Japan’s 38 year-old environment minister, Shinjiro Koizumi, made a rare but cautious address to the international press in December on the sidelines of the failed COP25 climate talks in Madrid. “We can’t make a declaration of phasing out coal or fossil fuels right away,” the charismatic son of a former prime minister told reporters, “but we should continue to consider what kind of actions can be taken in the future.” Since then he’s strengthened his criticism of Japan’s exports of coal technology, only to be met with backlash from the ruling Liberal Democratic Party.

Organizers of the Tokyo Olympics are doing their best to bring about a shift in public awareness. Japan’s leading clean-car technology will be on display at the games this summer, with Toyota Motor Corp. providing 3,700 mostly electric and fuel-cell vehicles.

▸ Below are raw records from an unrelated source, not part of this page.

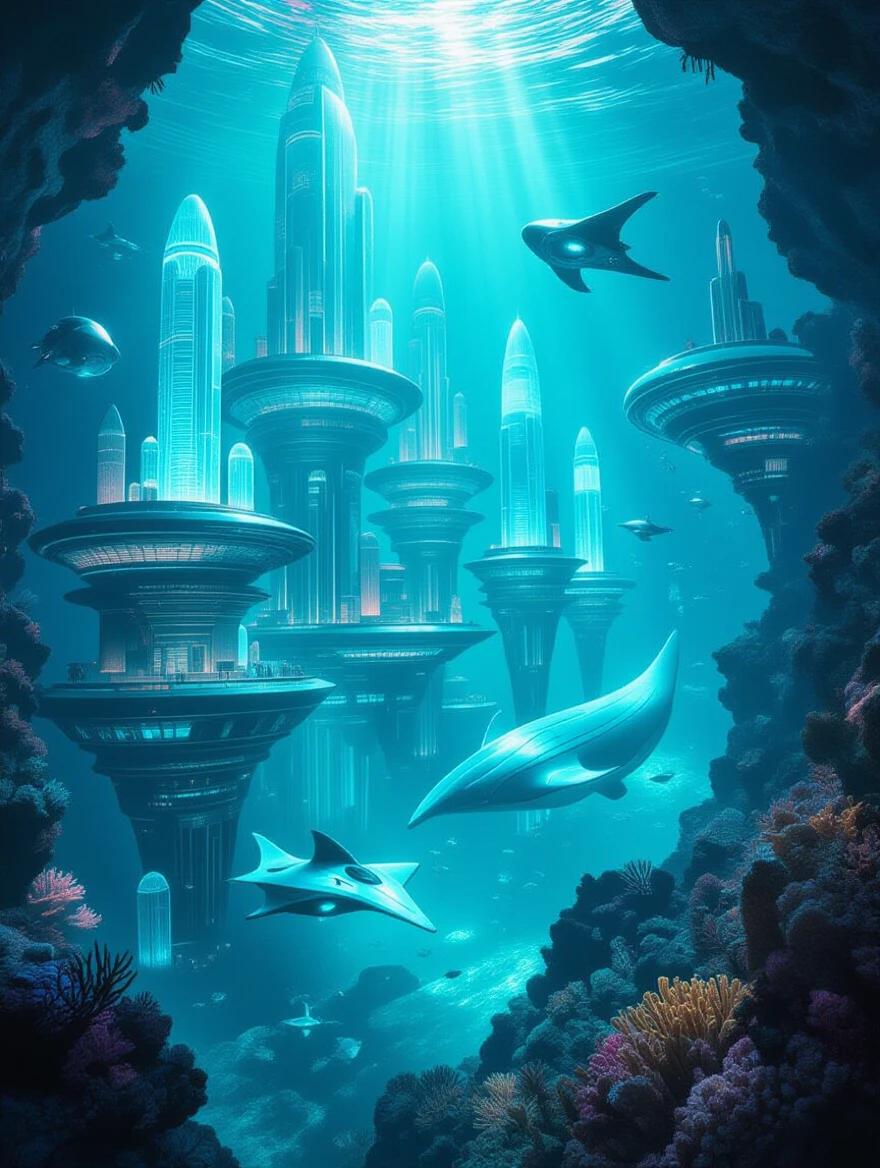 A massive alien metropolis deep beneath the ocean surface. Illuminated by glowing corals and crystalline towers. Bioluminescent marine life surrounding the city. Non-Euclidean architecture shaped like spirals and shells. Pulsating surfaces and translucent citizens. Fluid movements through coral tunnels. Manta-shaped vehicles swimming between skyscrapers. Deep teal water with sunlight beams. A giant Leviathan in a cavern. Mood is serene and awe-inspiring. Perspective shows the vastness of the city.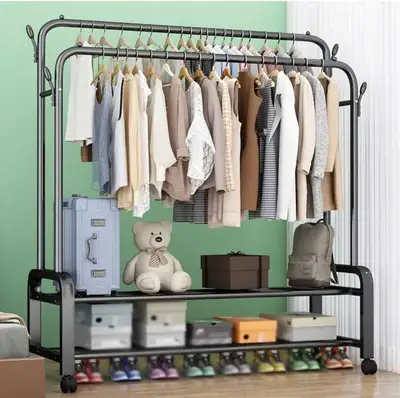 Double Pole Clothing Rails Freestanding Mobile Coat Hanger Heavy, View more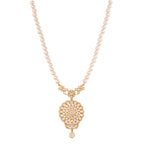 Noor Bloom Polki & Pearl Silver Necklace Set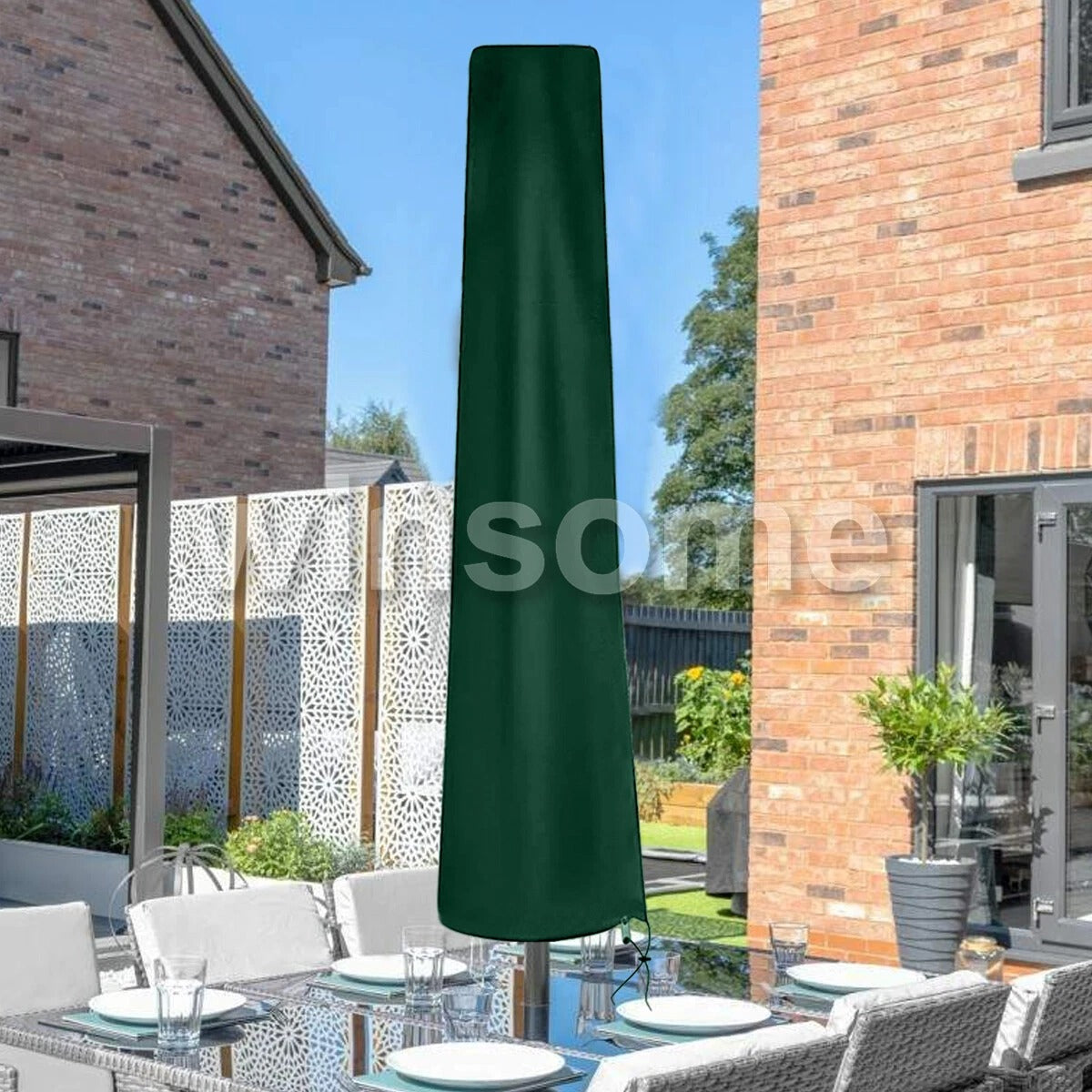 Waterproof Parasol Cover with Zip Outdoor Garden Patio Umbrella Cover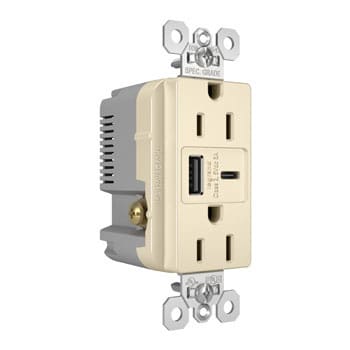 Pass & Seymour / Legrand - P&S TR15USBAC6LA 15A 125V TR REC +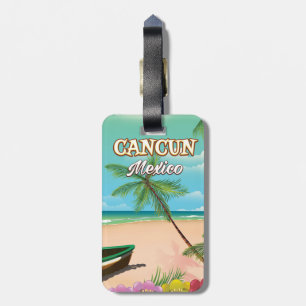Étiquette À Bagage Affiche de plage de Cancun au Mexique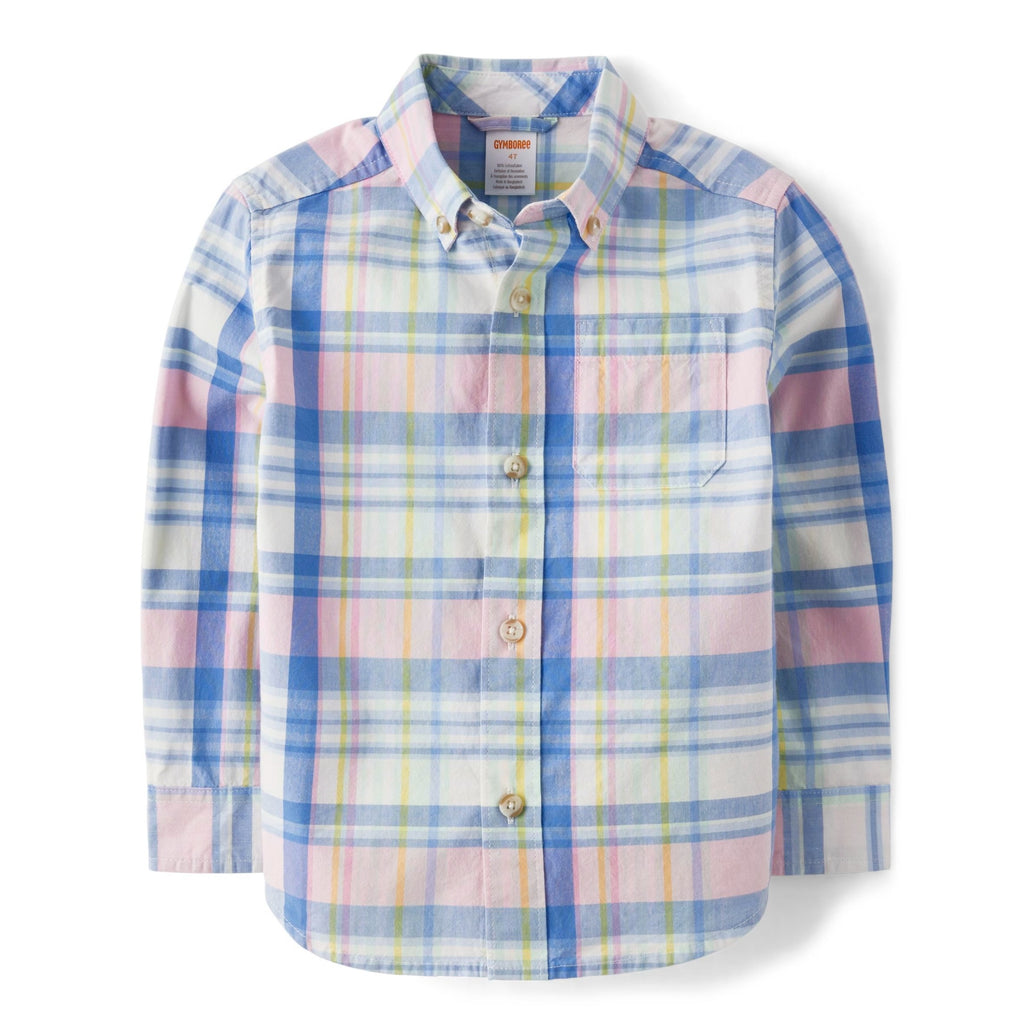 Gymboree Camisa de Cuadros Madras Manga Larga (12-18M, 18-24M, 2T, y 12T)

There’s also no shortage of flashier ideas—from cardboard beds to medals made with recycled metal from mobile phones—to put a sustainable gloss over an event with a significant environmental impact. Olympic organizers estimate that the carbon footprint for the Tokyo Games will be about 3 million metric tons, less than those for the Olympics in London and Rio de Janeiro. But, as always, it depends how you count the carbon.

The primary reason for the drop is that all new infrastructure is to be repurposed after the event. Organizers plan to offset “unavoidable CO₂ emissions” through voluntary efforts like energy reduction in other parts of Japan. Meanwhile, the impact of climate change is already being felt. To protect runners from the searing summer heat, the marathon will take place 800 kilometers north of Tokyo.

The sun is setting by the time Watanabe pulls into the driveway of a two-story house a few minutes from the solar farm. Built for a family that never moved back, its owners now rent the property to Fukushima Electric Power.

Over fragrant tea and coffee at the kitchen table, with a mountain wind howling outside, Watanabe describes his hopes for solar energy and the jobs it could create. Solar growth has slowed in Japan, in part over regulations restricting development on scarce arable land. This seems as if it should be less of an issue for Fukushima. Despite a government-backed campaign to reassure the nation that food grown here is safe, many outside the prefecture remain fearful about its produce.

Watanabe sees plenty of potential for renewable energy. One day, he hopes, the region’s solar farms will all be taken over by residents, luring additional families home. “This town was an ideal place to live,” he says. “I want residents to return here from evacuation. I want to help them return.”

Tomioka’s solar project was even named by the townspeople, after the Japanese word for cherry blossom, he adds. It’s called “Sakura.”